45555.54545456?.toString().split(".")[1]?.length
value null check before converting it to string, then convert it to string, split it, get the decimal part, add nullcheck, and get length, if there is number with decimals, you get the amount of those decimals, else you get undefined.
//console.log("should give error:", null.toString().split(".")[1]?.length);
console.log("should give undefined:", null?.toString().split(".")[1]?.length);
//console.log("should give error:", 45555.toString().split(".")[1]?.length);
console.log("should give undefined:", 45555?.toString().split(".")[1]?.length);
//console.log("should give error:", 45555?.toString().split(".")[1].length);
console.log("should give amount of decimals:", 45555.54545456?.toString().split(".")[1]?.length);
console.log("should return without decimals when undefined:", 45555.54545456.toFixed(undefined));
An optimized version of nick answer.
The function requires that n is a string.

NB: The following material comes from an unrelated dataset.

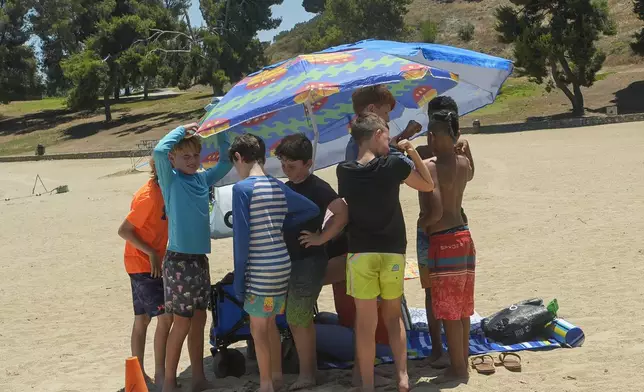 A group of youths shelter in the shade after being asked by lifeguards to retrieve their footwear before getting onto the sunny beach area to prevent burnt feet at Castaic Lake beach as the temperature rises Monday, July 8, 2024, in Castaic, Calif. (AP Photo/Damian Dovarganes)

This function gets the decimal even if there all 0, like 1.00 -> 2 decimals.
function getDecimalPlaces(n) {
var i = n.indexOf($DecimalSeparator)
return i > 0 ? n.length - i - 1 : 0
}
console.log(getDecimalPlaces("5555.0")); // 1
console.log(getDecimalPlaces("5555")); // 0
console.log(getDecimalPlaces("555.5")); // 1
console.log(getDecimalPlaces("555.50")); // 2
console.log(getDecimalPlaces("0.0000005")); // 7
console.log(getDecimalPlaces("0.00000055")); // 8
console.log(getDecimalPlaces("0.00005500")); // 8
If you have very small values, use the below code:
Number.prototype.countDecimals = function () {
if (Math.floor(this.valueOf()) === this.valueOf()) return 0;
var str = this.toString();
if (str.indexOf(".") !== -1 && str.indexOf("-") !== -1) {
return parseInt(str.split("-")[1])+str.split("-")[0].split(".")[1].length-1
} else if (str.indexOf(".") !== -1) {
return str.split(".")[1].length || 0;
}
return str.split("-")[1] || 0;
}
var num = 10
console.log(num.countDecimals()) //0
num = 1.23
console.log(num.countDecimals()) //2
num = 1.454689451
console.log(num.countDecimals()) //9
num = 1.234212344244323e-7
console.log(num.countDecimals()) //22
Based on gion_13 answer I came up with this:
function decimalPlaces(n){
let result= /^-?[0-9]+\.([0-9]+)$/.exec(n);
return result === null ? 0 : result[1].length;
}
for (const x of [
0, 1.0, 1.00, 0.123, 1e-3, 3.14, 2.e-3, -3.14e-21,
5555.0, 5555, 555.5, 555.50, 0.0000005, 5e-7, 0.00000055, 5e-8,
0.000006, 0.0000007,
0.123, 0.121, 0.1215
]) console.log(x, '->', decimalPlaces(x));
It fixes the returning 1 when there are no decimal places. As far as I can tell this works without errors.